Parece un sello. O un tatuaje que llevamos sobre el pecho en cada día de nuestra existencia..
Es nuestro apellido.
Puede ser un patronímico, formado a partir del nombre del cabeza de familia: de Fernando, Fernández; de Pero (Pedro, en español antiguo), Pérez; de Gonzalo, González; Díez, de Diego. Este fenómeno también lo encontramos en otros idiomas. Por ejemplo, el apellido Johnson significa “hijo de John”.
En la Edad Media los oficios solían heredarse. Lo cual dio nombre a muchos apellidos que identificaban a una familia: Zapatero, Herrero, Tejedor, Vaquero o Baquero, Moliner, Carretero, Notario.

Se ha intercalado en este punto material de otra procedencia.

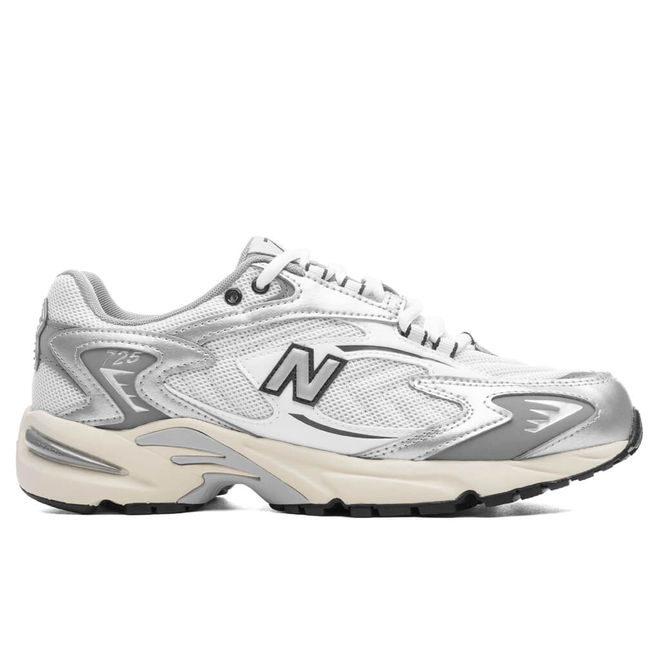 New Balance 725v1 White/Metallic Silver/Slate Grey ML725CD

Smith, el más común apellido inglés, significa forjador, herrero.
Pueden tener también un origen toponímico, por el lugar de procedencia: Triana, Aragón, Carranza, Toledo, Sevilla, Valencia, Segovia, Padrón, Ávila.
La gentuza “nobiliaria” dejó asimismo su huella: Duque, Marqués, Conde. Y allá, en un rinconcito, preterido, ninguneado, maltratadísimo, el pueblo: Vasallo.

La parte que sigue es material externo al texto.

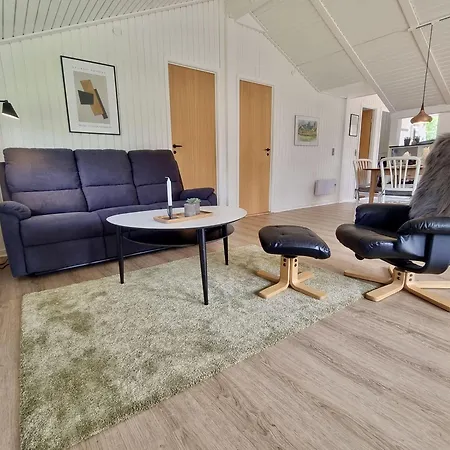 بيت للعطل Gemuetliches-ferienhaus-in-skovmose-strand-auf-alsen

Lo físico de la persona no faltaría en la nómina de los apellidos: Delgado, Pardo. Blanco, Pequeño, Gallardo. Calvo, Castaño, Cano.
E iba a estar presente hasta lo tétrico: Cadalso, Verdugo.

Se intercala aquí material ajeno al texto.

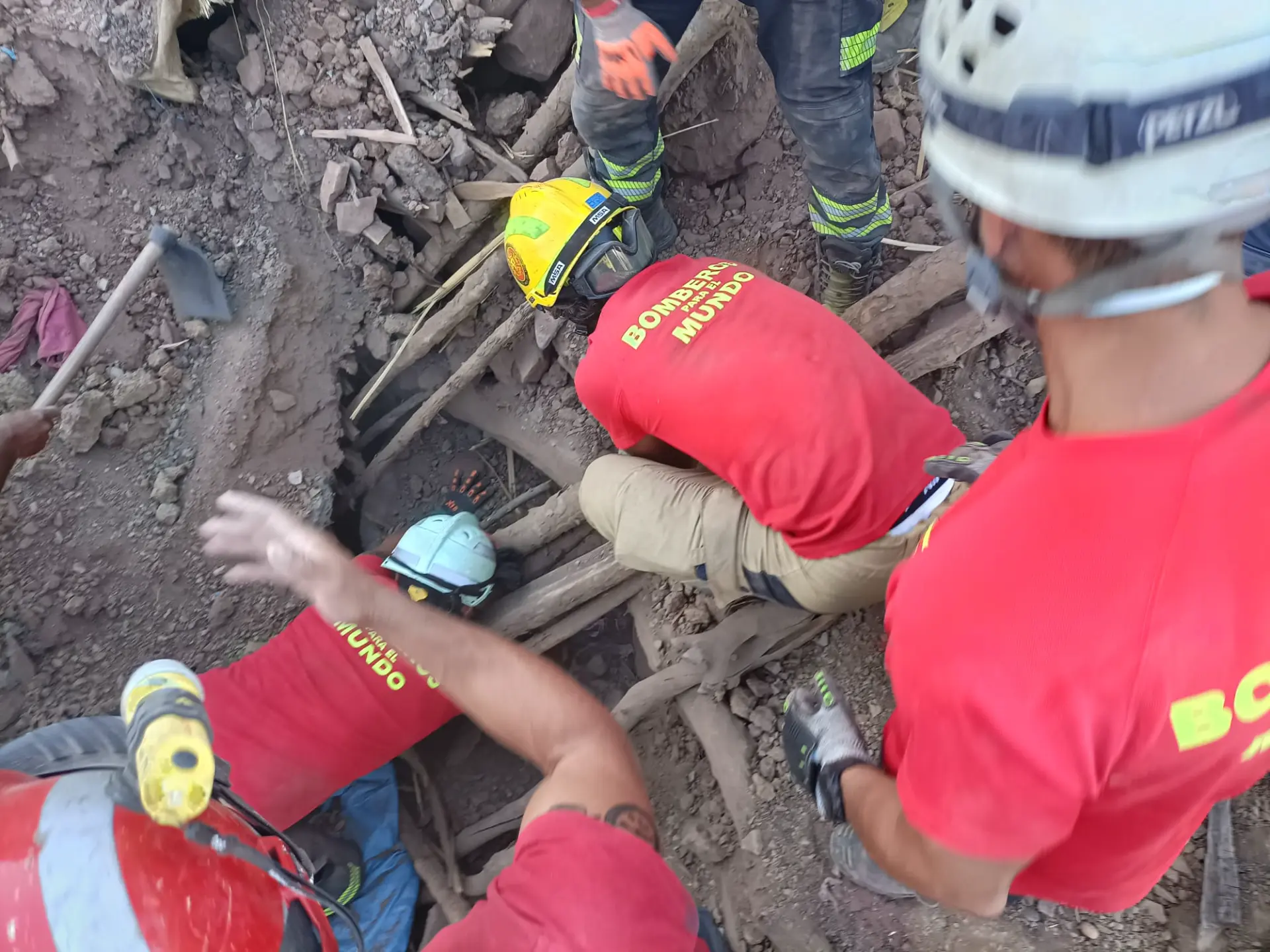 Terremoto de Marruecos — Región de Marrakech-Safi, Marruecos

Los apellidos de quienes cotidianamente tratamos recorren el santoral: Santiesteban, Santamaría, Santamarina, Sanjuán, Santana. Y se podrá preguntar cualquiera el porqué de tantos canonizados, entre nosotros, los cubanos, ¡tan lejos de la santidad!
El lío estriba en que, dentro de este ajiaco cubano que definió Don Fernando, también entraron los israelitas, quienes, perseguidos por la Inquisición, se cambiaban el apellido, por otro, cuanto más cristiano mejor.
Para resumir, queridas comadres, estimados compadres: sí, el apellido es palabra muy sagrada. Nacida en aquel templo: la familia. Donde, desde niñitos, nos enseñaron a idolatrar a un templo mayor: la patria.